Feel like I've read that a lot more men have dropped out of the workforce in recent years/decades. If they can't get the job they feel they are entitled to, they don't want to work.


They are good candidates for tough love then, help them plan their lives back to working and having a routine. But don’t give them free food, free housing and no obligations. That’s molly coddling
Anonymous
Anonymous wrote:
Anonymous wrote:

This is basically the situation with my brother, except my elderly parents, who are living on social security and a modest pension, pay for him to live in his own place. My parents see no way out of it and are incapable of setting boundaries. They don't want to leave him homeless. It's all very stressful, and I'm basically a bystander, as my parents fritter away everything they have on my brother. I do worry what will happen if my parents need long-term care, and I've raised this issue, but the three of them continue on, same as it ever was.

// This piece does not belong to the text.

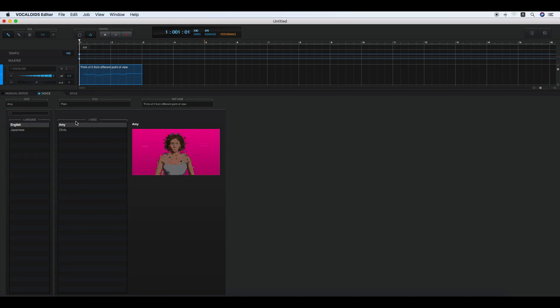Vocaloid. These items compose the preset style of Vocaloid 5 as the basic.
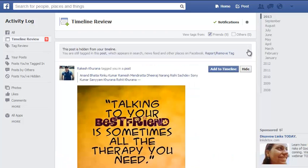This is all we have on a quick demo of how you can disable tagging by others if you don't want it. If you like our video, please don't forget to press the like button. This is your host Rohit Khurana signing off. Thanks for watching.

I'm the PP you responded to. It's frustrating, for sure. My folks too are convinced that my sibling will be SOL if they set boundaries, and so they don't. He rules the roost in their house and it is painful to watch. When I gently raised the issue years ago, my mom snapped "I'm not throwing him out on the street, Larla!" Well, there you have it... I didn't broach the topic again. I had come to a point of acceptance and understanding that the situation wasn't going to change and there was nothing I could do about it. But my mom continues to ask me to encourage him to move, suggest places for him to go, even have him stay over my house to do home maintenance (which admittedly, he is good at) because he is bored and lonely and angry living at home with them. sigh... I doubt my extolling the virtues of the DMV area or Hagerstown or Annapolis or HoCo or wherever else is going to move the needle at all for him; it hasn't made a difference the three times I've tried it before, and it's not like he's going to listen if I try a fourth time!

Sadly all of this has affected their relationships with my kids, who are their only grandchildren at the moment. They get the short end of the stick because the bulk of my parents' time and attention has gone towards my sibling and his issues. My mom seems oddly disinterested in my kids; my dad at least makes an effort to chat with them, play with them, etc., but their interactions with my kids are stilted and weird. It's hard to explain but they don't seem really "present" during our visits; my mom in particular seems like she can't wait to get her foot out the door and head home to make sure my sibling is doing OK. I've been working through all of this in therapy and it's been helpful, but it's hard to watch and not be able to help in any way.

I have no idea what's going to happen when (or if) they need long-term care. I am not looking forward to that day. Sending you and your family good thoughts, PP.